= Work instruction =
Would you please repeat exactly the entries below, starting at the line with "盏青铜和水晶制成的大型凡尔赛枝形吊灯，18 盏灯……" and ending at the line with "Nicolo Ferretti moteriški aulinukai", and nothing outside that range? Leave out the pictures.

= Material to process =
+ + +

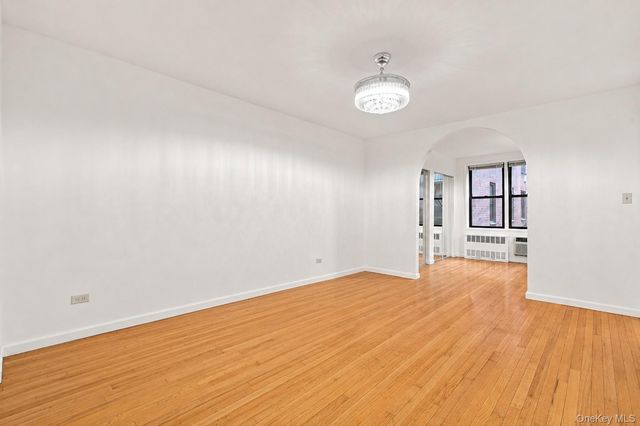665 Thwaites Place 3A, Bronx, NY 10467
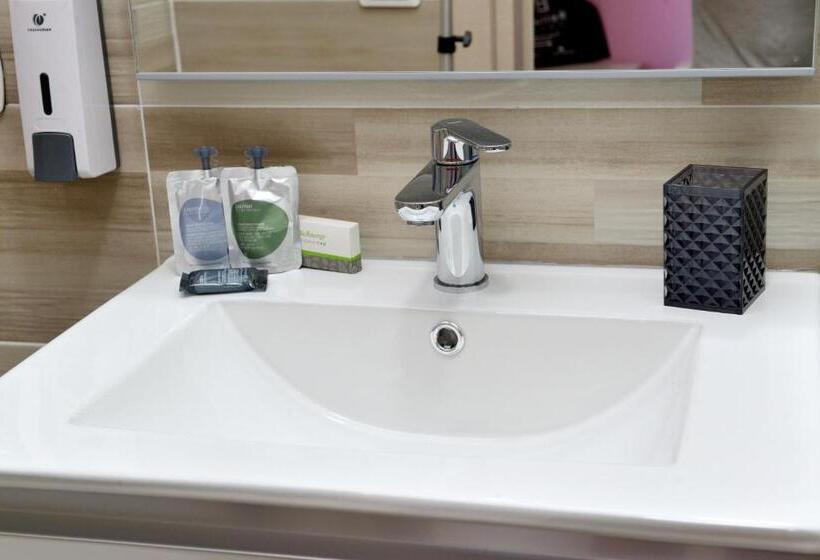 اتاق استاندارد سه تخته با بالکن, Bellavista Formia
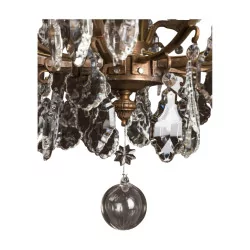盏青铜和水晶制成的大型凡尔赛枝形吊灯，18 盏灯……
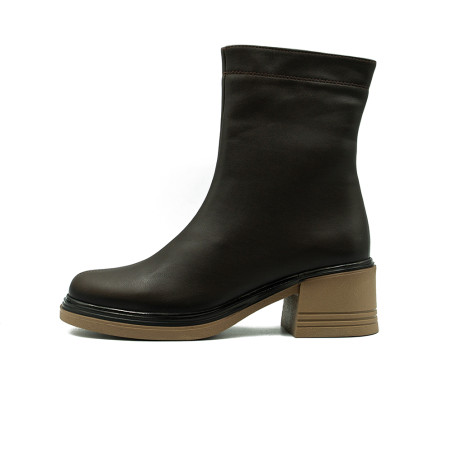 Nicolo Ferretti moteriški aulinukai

+ + +

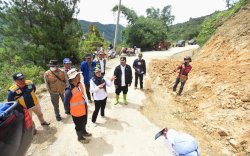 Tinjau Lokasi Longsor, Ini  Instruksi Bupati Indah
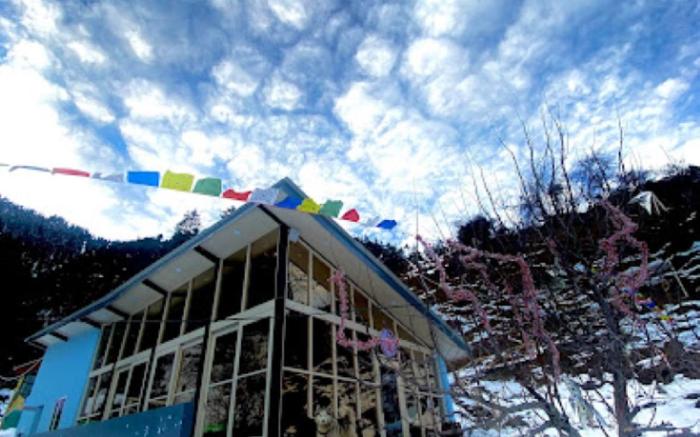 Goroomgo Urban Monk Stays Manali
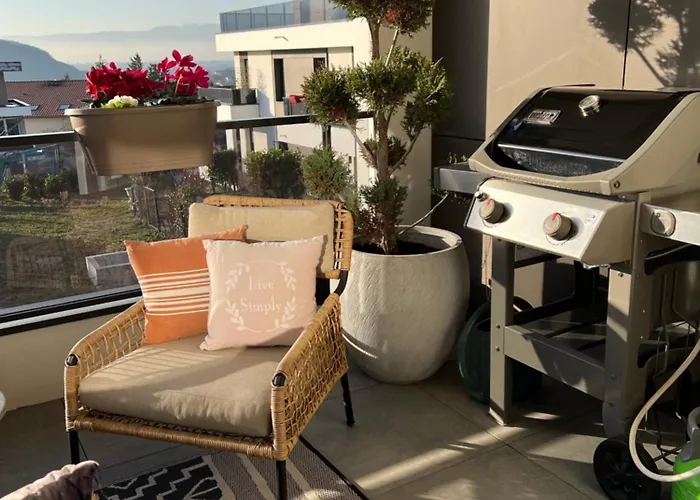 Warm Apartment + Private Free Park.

+ + +

= Your response =
盏青铜和水晶制成的大型凡尔赛枝形吊灯，18 盏灯……
 Nicolo Ferretti moteriški aulinukai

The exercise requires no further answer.